Собор
Шрифт:
— Садитесь, прошу вас! — архитектор придвинул старику стул, взял у него палку, чтобы тому легче было сесть. — Я зашел сюда случайно, с дороги… Разве я думал?.. Эй, хозяин! Вина! И все, что у вас есть самого хорошего, черт возьми!
Минуту спустя они чокнулись тем же самым вином, что перед тем уже подавали архитектору, неторопливо выпили свои стаканы и одновременно поставили их на стол.
— Откуда вы едете? — спросил мастер.
— Из Европы.
— Ну и как она?
— Как и была, что с нею станется? — махнул рукою Огюст. — Не могу я теперь без Петербурга… А вы… Как это с вами приключилось, Самсон Семенович?
Глаза каменотеса от выпитого вина ярче заблестели, он хлопнул ладонью по столу, и доски как будто прогнулись под его мощной рукой.
— Да как оно приключается, Август Августович? Судьба что лодка: плывет-плывет, ан раз — и перевернулась.
— Мерзавцы! — прошептал Огюст. — За такие труды… Скажите мне, сударь, где вы ныне живете?
Суханов приподнял низко опущенную седую голову и почти изумленно посмотрел на архитектора:
— Нешто вы все не устали для малых людей милостыней выспрашивать? Как тогда крыши в Пютерлаксе сделали ведь… То-то у вас лицо все такое же молодое. Небось, собираетесь сами к великому князю с прошением идти? Полно, бросьте!
— Не пойду я к великому князю! — с яростью воскликнул архитектор. — Я с государем поговорю… И если справедливость — случай, я случай этот не упущу. Где вы живете?
— В первом квартале Нарвской части, дом мой угловой — сто пятьдесят на тридцать два… Да только не стоит трудов ваших. На всех скорбящих не напасешься. А я ведь смотрел не раз на ваш собор… Подойду, погляжу, да на душе-то и полегче от такой красоты. Будто в лицо Богу смотришь.
— Правда? — заливаясь румянцем, воскликнул Огюст.
Суханов рассмеялся:
— И краснеете, как прежде! Потому, как белобрысый вы… С чего же я врать-то стану? Истинно говорю — собор вы великий строите.
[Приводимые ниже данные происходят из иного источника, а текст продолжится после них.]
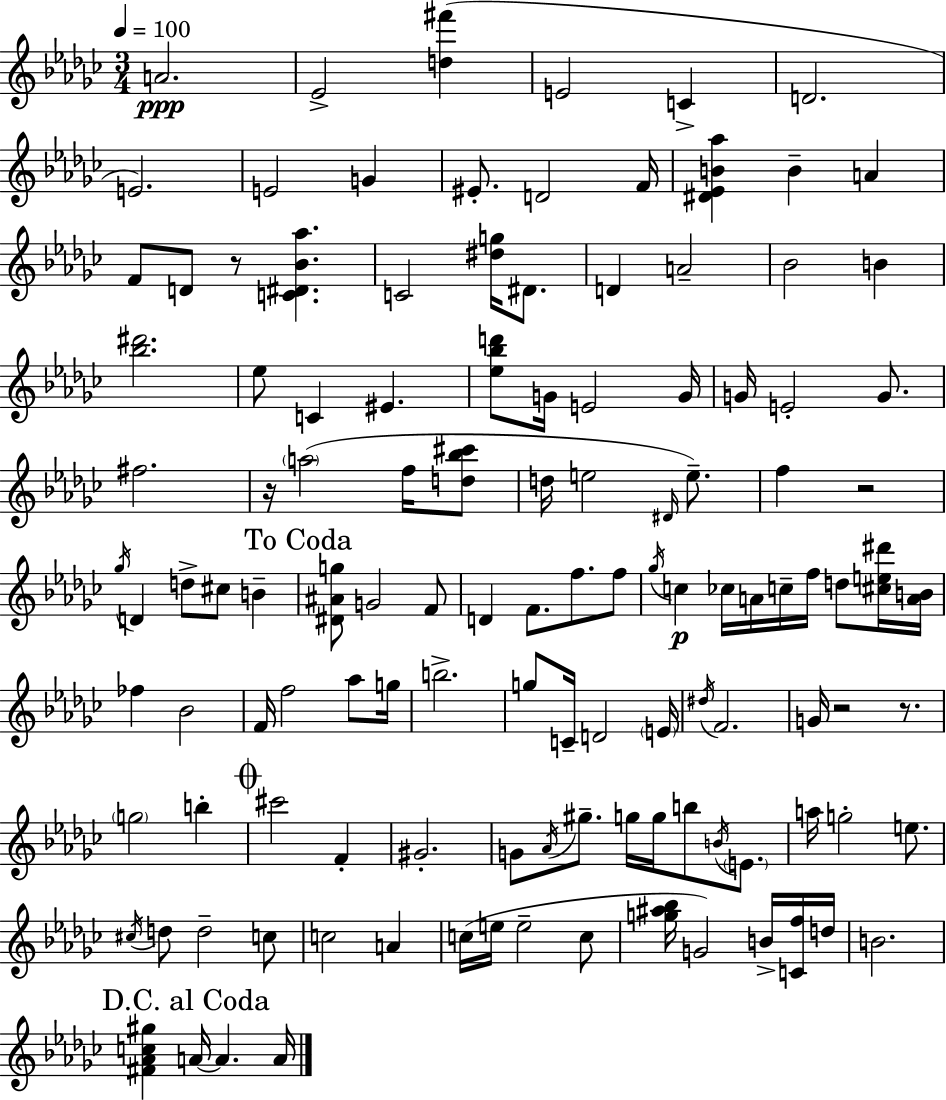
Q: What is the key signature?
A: EES minor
А я ж вам говорил, помните, — толк из вас будет. Старому мастеру верить можно.
Десять минут спустя в трактир заглянул кучер:
— Ваша милость, колесо починено. Ехать можно.
Монферран встал:
— Самсон Семенович, поедемте со мной. Нас в карете двое — Алеша и я. Мы и подвезем вас до города. Вы что здесь делали-то?
Суханов поморщился:
— Сдуру сюда притащился. У скота Тришки Ермилова в долг попросить решился. Прежде он у меня часто брал, купчишка этот дурной… Ведь не дал, собака, чуть пса с цепи не спустил!..
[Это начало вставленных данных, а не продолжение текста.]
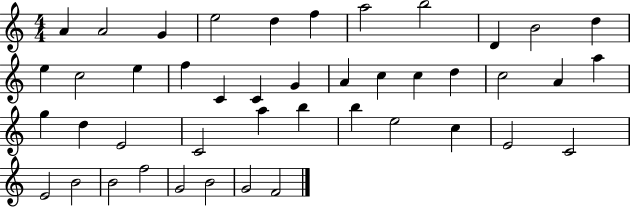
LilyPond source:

Теперь голос мастера выдал мучительную горечь, и Монферран покраснел еще сильнее, испытывая странное чувство вины и вспоминая отчего-то Максима Салина, его деревянную модель и гордый блеск его глаз.
— Самсон Семенович, вы не обидитесь, если я вас попрошу у меня взять немного денег? Не в долг, а так…
Мастер усмехнулся:
— В моем нынешнем существовании обижаться на милостыню нельзя, сударь вы мой. И коли уж я у князей просил, зная, каковы они и как им на меня и на труд мой наплевать, то у такого ж, как я, рабочего человека, возьму не думаючи. Да и ведь знаю, что вам не жаль.
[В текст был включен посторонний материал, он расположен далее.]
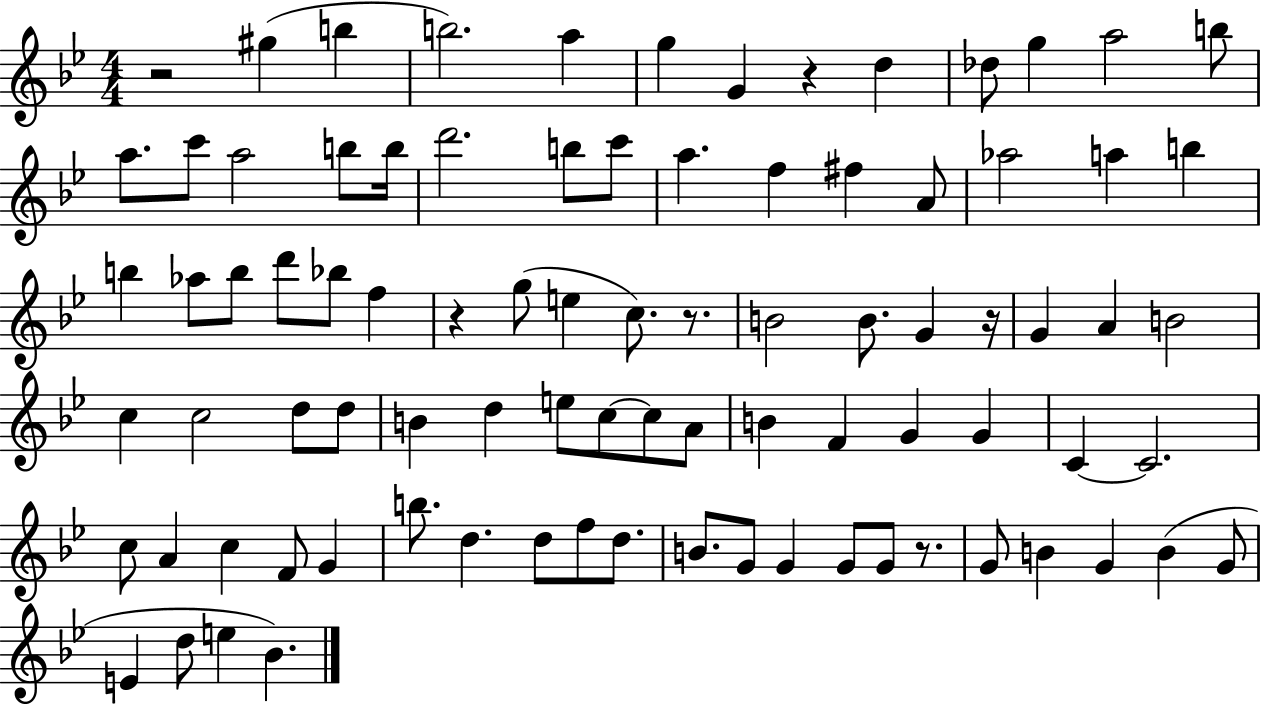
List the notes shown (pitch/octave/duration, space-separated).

R/h G#5/q B5/q B5/h. A5/q G5/q G4/q R/q D5/q Db5/e G5/q A5/h B5/e A5/e. C6/e A5/h B5/e B5/s D6/h. B5/e C6/e A5/q. F5/q F#5/q A4/e Ab5/h A5/q B5/q B5/q Ab5/e B5/e D6/e Bb5/e F5/q R/q G5/e E5/q C5/e. R/e. B4/h B4/e. G4/q R/s G4/q A4/q B4/h C5/q C5/h D5/e D5/e B4/q D5/q E5/e C5/e C5/e A4/e B4/q F4/q G4/q G4/q C4/q C4/h. C5/e A4/q C5/q F4/e G4/q B5/e. D5/q. D5/e F5/e D5/e. B4/e. G4/e G4/q G4/e G4/e R/e. G4/e B4/q G4/q B4/q G4/e E4/q D5/e E5/q Bb4/q.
И он, почти величаво поклонившись, взял из рук архитектора и бережно спрятал в кармане кафтана, в кожаном кисете, золотую сторублевую монету. (Огюст снял ее с цепочки часов. Других крупных денег у него при себе не было.)
II
«За полгода моего путешествия я впервые беру перо, впервые хочу продолжить мои записки. И не потому, что прежде не нашел времени для этого — здесь, за границей, я много свободнее, чем в Петербурге. Боже мой! Я написал «здесь, за границей», а за окном моим — Париж… Что сталось со мною? Ведь я по-прежнему — я, и моя родина — Франция… Но что тогда для меня Россия?
Писать нужно уметь, а я не умею: мысли носятся, прогоняют одна другую, и мне не сплести их в единую цепь. Едва ли кто сможет читать эти мои излияния…
Итак, я сел за стол, чтобы описать свои впечатления и чувства? Чувства, вызванные всем тем, что я повидал в Италии, Англии и во Франции…
Италия. Новая встреча с этой любимой страной, которая сыграла в судьбе моей такую особенную, такую странную роль. Во мне есть итальянская кровь, но люблю я Италию не поэтому, конечно. Когда-то, в семнадцать лет, путешествуя по ней, я дал себе слово стать архитектором, что бы со мной ни случилось. Когда-то, в двадцать один год, умирая в одной из ее долин, я увидел призрак моего будущего собора… И я не умер, чтобы его выстроить.
Равенна. Я не хотел в нее заезжать, она лежала вне цели и замысла этого путешествия, но устоять пред искушением я не смог. Ах эти суровые, светлые стены романских построек, храмы, снаружи сдержанные, с полуслепыми глазами узких редких окон, внутри пересеченные острыми лучами солнца. Лучи эти касаются стен, касаются осторожно, будто сознавая, как стары, как хрупки оставшиеся на них образы; лаская их, любуясь ими, потому что они прекрасны в своей наивной и суровой простоте… Мозаики равеннских храмов сияют великолепными красками, будто только что созданы, а иным из них по тринадцать веков…
Рим. Ни с одним из городов он несравним, он слишком долго становился Римом. Античность, Возрождение, век прошлый и нынешний имеют в нем особенные, лишь Риму присущие черты. Если Равенна безмятежна, то Рим печален, наверное, потому, что слишком много знает…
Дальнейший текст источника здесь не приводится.